On arriving in Morelia in August 1934, they were confronted by the huge wall, as well as a turbulent political and social climate. Mexico was still
recovering from the revolution less than 20 years before and had recently elected a relatively forward-thinking president, Lázaro Cárdenas, behind whom the university’s rector had thrown his support.
Philip Guston, Reuben Kadish and their friend Jules Langsner in front of their mural, The Struggle Against Terrorism, around 1934 Courtesy of The Guston Foundation
In just six months, Guston and Kadish, two young men who had not only bonded over art but had similar backgrounds—both their families had sought refuge in North America from antisemitism in Ukraine and Lithuania respectively—produced a work of staggering complexity. The work, known to locals as “The Inquisition”, encompasses several sections, necessitated in part as the work is bisected by a balcony running around the patio at an upper level.
Several bodies are depicted bound and hanging by nooses, which has been suggested is a recollection of the moment the ten-year-old Guston found his father’s hung body, as well as an allusion to the lynchings and other acts of racist terrorism still common in the US at the time. The mural’s horrific torture scenes represented both the Inquisition perpetrated by the European conquistadors and crimes committed by modern governments in the 20th century. Time magazine ran an article about the mural, and the finished work, while controversial in both the US and Mexico, boosted Guston and Kadish’s careers.

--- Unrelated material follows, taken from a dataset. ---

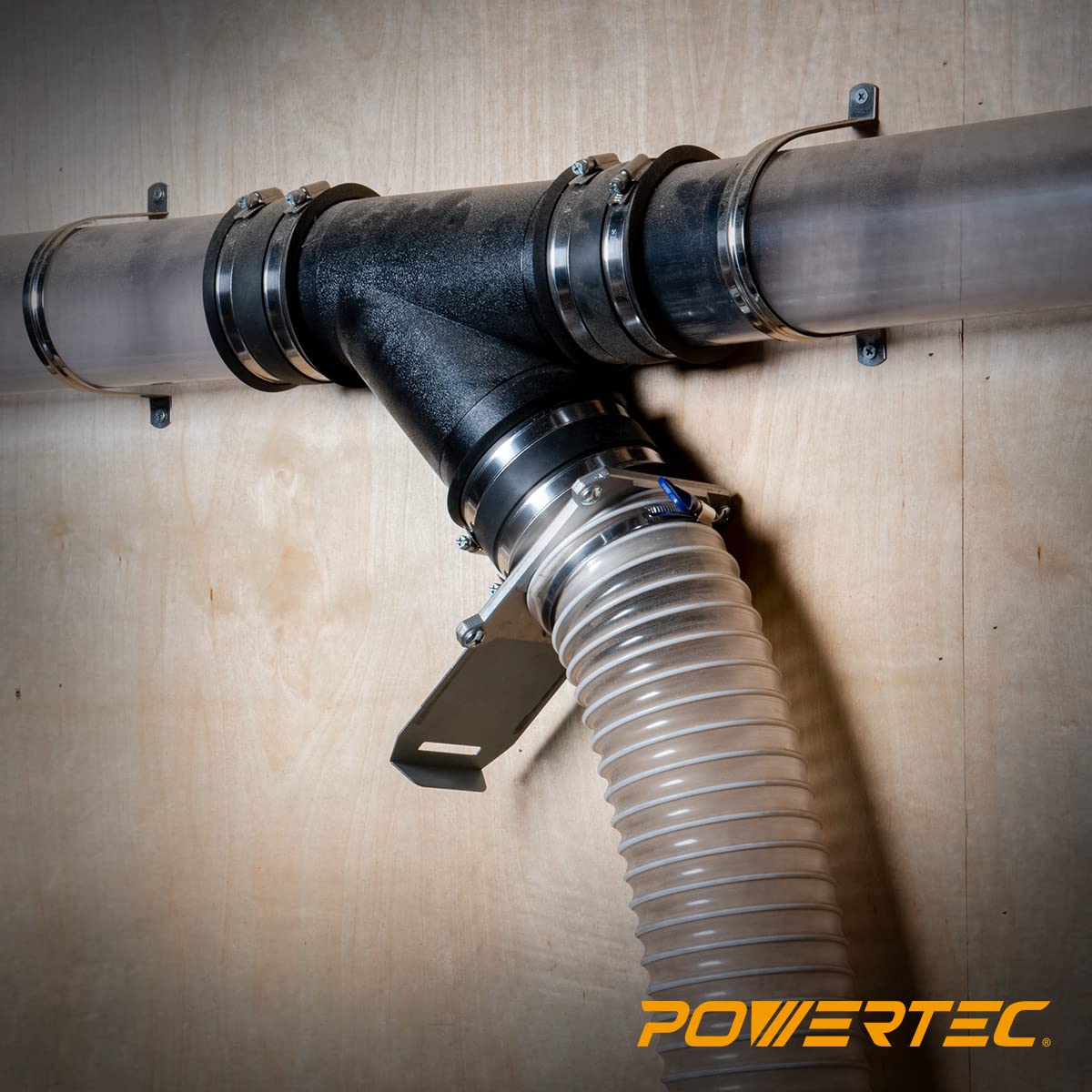 POWERTEC 70326 compatible with common dust collection systems setup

It is not known if either artist was aware that at some time in the 1940s, the then director of the museum was believed to have ordered that the work be covered with a fake wall made out of canvas stretched over a wooden frame. Whether this was to quell threats of destruction that had been levelled from some quarters or to defuse some other risk remains unclear. It only saw the light of day again in 1973 after works to fix a leak in the building revealed the mural, which had suffered badly from humidity in the intervening decades.
Eugenio Mercado López, a former director of the Museo Regional Michoacano, tells The Art Newspaper that several attempts to begin a restoration programme had been made over the years. The current project has been jointly financed by the Guston Foundation and Mexico’s Instituto Nacional de Antropología e Historia (INAH). The project’s budget has not been made public, but unconfirmed reports put the cost of the work at 1.7m pesos (around $82,000). The restored mural in Morelia is to be unveiled at a ceremony on 31 January.
“When I first travelled to see the mural in 2006, its former power could only be imagined.” Musa Mayer, Guston’s daughter, said in a statement. “I am deeply grateful to all those whose diligent work has brought this extraordinary early work back to life. Its message is as relevant today at it was 90 years ago.”
Speaking in a personal capacity, the artist Richard Pitts, a board member of the US-based Reuben Kadish Art Foundation, tells The Art Newspaper he was pleased to hear the restoration project is nearing completion. He believes news of the mural’s return to the spotlight has prompted an increase in interest in the work of Kadish, who briefly painted for the US Works Progress Administration before leaving his practice for several years and then returning to work as a sculptor.
“Kadish was a unique and original artist,” Pitts says. “His murals in Mexico and California were an early platform for exploration … and I’m glad more people will be able to see them in person.”